I can’t find an okish TTS to use. I tried espeak; I hate the way it sounds, though I could customize the sound.
I think mozilla TTS is the best. But I think this questions should have been asked in Open Source.
My understanding is that Mozilla is continuing to build the CommonVoice dataset for training speech models, but they are no longer developing TTS or STT software themselves.
https://github.com/coqui-ai/TTS is the new home of what was Mozilla’s TTS project. Coqui is a new company where some of the former mozilla speech team ended up. Coqui is continuing to develop both the TTS and STT code and models.
There are a number of other much older free software TTS options, but Coqui’s (formerly Mozilla’s) is by far the best one I’ve heard.
Is there a way to install these on android?
I went looking and found this which implies that the TTS isn’t working on android yet, and this which indicates the STT library does work on android but they have only a very simple and limited demo app so far.
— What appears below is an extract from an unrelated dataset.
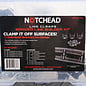 Notchead Builder Kit - AN Braided Line Clamps - 60 pack - 2100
I also found this Voice-Cloning repo which says it has an android app that uses Tacotron2 (one of the models coqui uses, which comes from Google) to do voice cloning… which sounds promising, but I don’t see an apk or build instructions.
Thanks for the answer, sadly it’s exactly what I expected: there is still no way to have a decent working TTS-STT system on android (without Google, of course)
Wow coqui sounds really good, i’m gonna have find a command line thing of that.
Here is page with samples, it sounds pretty good: https://erogol.github.io/ddc-samples/
You can only use small sentences when using coqui-TTS. They should mention that somewhere in the repo, but they don’t. I thought it would be just passing a text file and getting an audio file like
tts < input.txt > output.wav
. But it only works if the text file is divided in small enough sentences which makes it impractical for most cases.I didn’t notice that when i tried it before but now I see what you mean… that is really irritating :(
Also, just now I tried to have it just speak the word “hello” (no punctuation) and got something like “hello oh oh oh oh” with a bit of tonal variation in the strange sounds at the end. So, yeah, I guess they’ve got a ways to go still. Other short phrases I’m trying have good results, but somehow “hello” produces these odd sounds.
I agree.